Negative campaign mailers spark early memories of life lessons

By Vicki Hyatt | Nov 08, 2012

My interest in politics and government came from an unlikely source at an relatively young age.

Our ranch in Montana was at the point where three gravel roads intersected. Everyone knew my dad always had the coffee pot on, and in between feeding or other chores, neighbors would drop in for coffee. When another would drive by and see several other pickups parked, they’d stop in too, not wanting to miss anything. The conversation often turned to politics and government.

It was 16 when the Occupational Safety and Health Act was being proposed. One morning, it became a topic for the half dozen or so ranchers crowded around our small kitchen table. All were worried the law would bring the federal government to their ranches and lead to inspectors snooping around for things like spilled diesel fuel or unsafe augers in their granaries or not taking proper precautions when working cattle.

As an active participant in all such conversations, I began asking questions like “how can that be?” or “why don’t you get involved and do something about this?” I decided we needed to write a joint letter our Congressmen, so began researching the issue, something that sent me to the local library where I discovered the complexities of proposed and enacted federal legislation.

When our U.S. senator visited town, he was perplexed that a high school girl in a county with a population of less than 6,000 would be quizzing him about OSHA. College professors were equally as perplexed when that was a topic I chose for assignments (the research was done, so why not?)

I had discovered that many of the fears our neighbors had about the reach of federal government into their agricultural practices didn’t apply to them. Indeed 40 years later, not a single individual in the Whitebird community of Stillwater County, Montana, has had a visit from an OSHA inspector.

The 19 political attack mailers that arrived in my mailbox a day or two before the election reminded me of my early interest in politics, as well as lessons on how fears and talk can be far different from the facts.

In past years, I’ve looked into the attack mailers enough to know there’s a grain of truth in them, but the issue is distorted to the point of being ridiculous. For instance, the  charges that so and so has voted to spend money for something that clearly seems extravagant can be part of a state facility and  actually funded with revenues earned by the institution. The item under attack had been included in the state budget simply as a pass-through. That part, of course, is omitted from the political mailers.

Another “grain of truth” can simply be that the expense questioned is part of the state budget, a massive document that the General Assembly must pass each year.

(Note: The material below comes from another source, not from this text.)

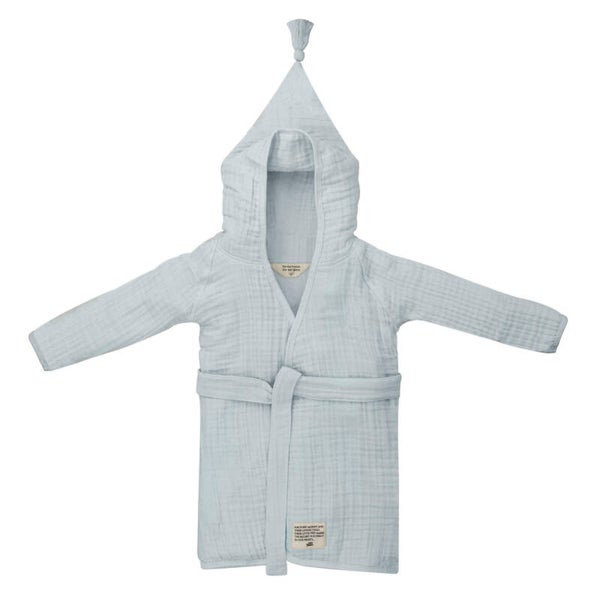 Baby Bello - Badjas - Cashmere Blue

The state constitution requires a balanced budget, and unlike Congress, the members of the General Assembly must complete this task.

Legislators who votes”yes” on the balanced budget the General Assembly ultimately crafts have been called to task in political attack mailers for some obscure fact that’s propelled into a sinister or wasteful action.

I hate the political mailers not only because of the distorted information they present, but also because they distract all of us from the real issues facing us as a state and a nation.

Attack mailers have become the campaign tactic of choice by both political parties, which tell me candidates (or the interests backing them) believe they are effective.

I have fond memories about the conversations of my dad, Pederson, Willie Van, Freddy, Alfred, Jack Kampinennen, Ole and the others who my mother not so affectionately referred to as the “coffee crew.” (It was hard for her to work in our small kitchen with so many visitors in the house, and the coffee hour often extended into the lunch hour, when more bowls of chili or whatever was being served were added to the table.)

There were also life lessons to be learned at that table on many fronts, and this political season has reminded me of one. There are plenty of conversations, speculations and accusations that are not based on facts. The answers are out there. It simply takes a willingness to seek them.

Comments (1)
Posted by: Bruce and Carole Larivee | Nov 09, 2012 07:26

Thank you, Vicki, for writing this article.  One hopes that future voters will spend a little time verifying claims in the partisan TV ads and mailers before swallowing the distorted information whole.  The little bit of time spent would be invaluable in keeping our democracy strong.